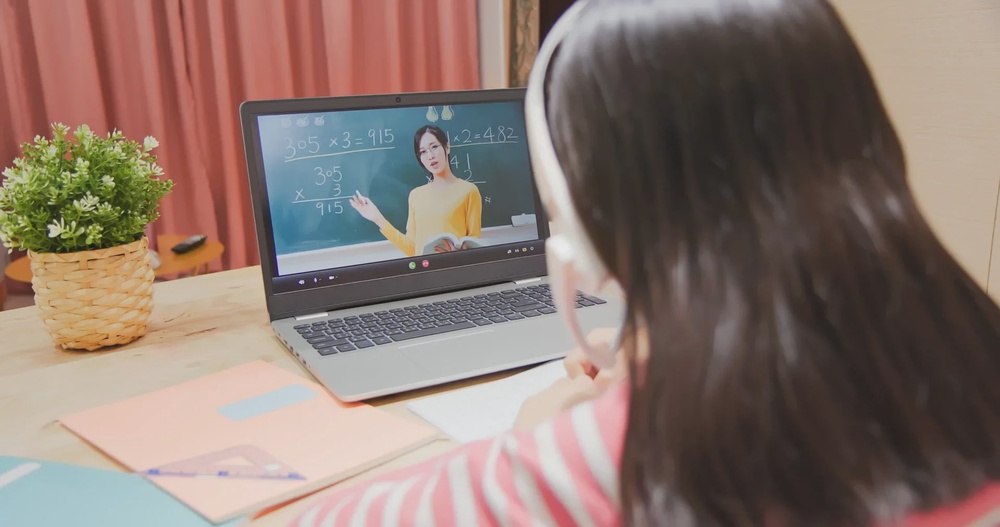 teenager girl laptop online class tuition 123rf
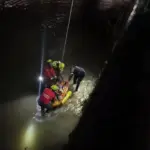 A woman, hospitalized in serious condition after falling into the Manzanares River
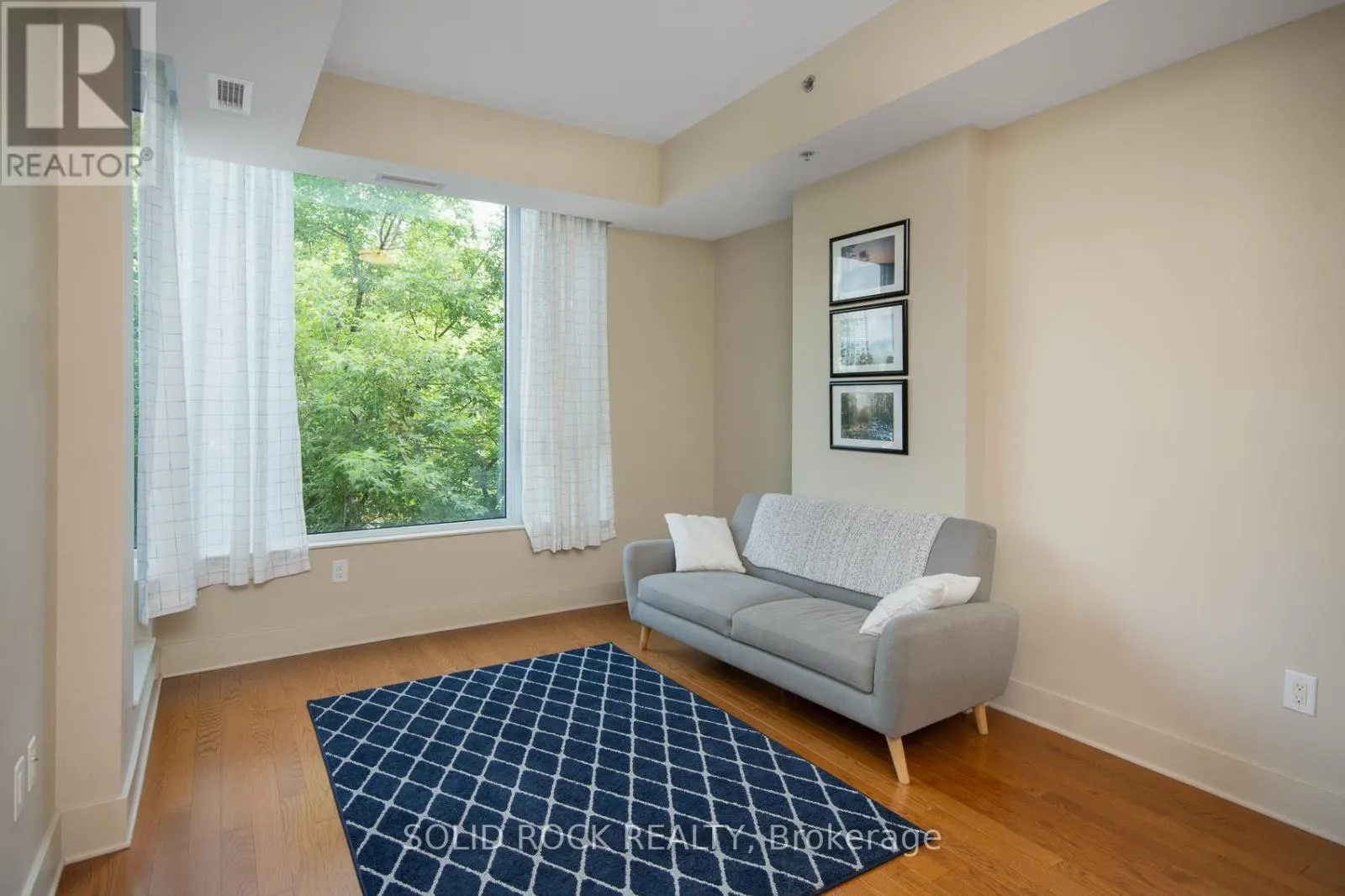 208 - 101 RICHMOND ROAD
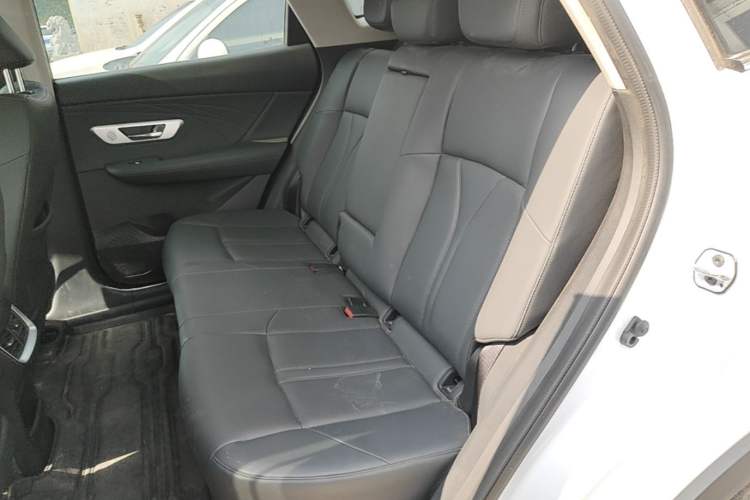 Used Dongfeng Aeolus Huge 2024 Mach Power 1.5T Premium Model Left Rear Seat
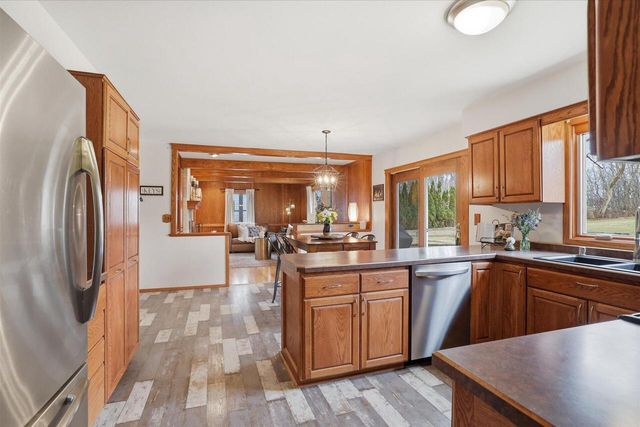 8755 W Meadow LANE, Franklin, WI 53132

::::

WHAT IS EXPECTED >> A precise copy of each record, with the images removed, should be output.

ANSWER BOX >>
 teenager girl laptop online class tuition 123rf
 A woman, hospitalized in serious condition after falling into the Manzanares River
 208 - 101 RICHMOND ROAD
 Used Dongfeng Aeolus Huge 2024 Mach Power 1.5T Premium Model Left Rear Seat
 8755 W Meadow LANE, Franklin, WI 53132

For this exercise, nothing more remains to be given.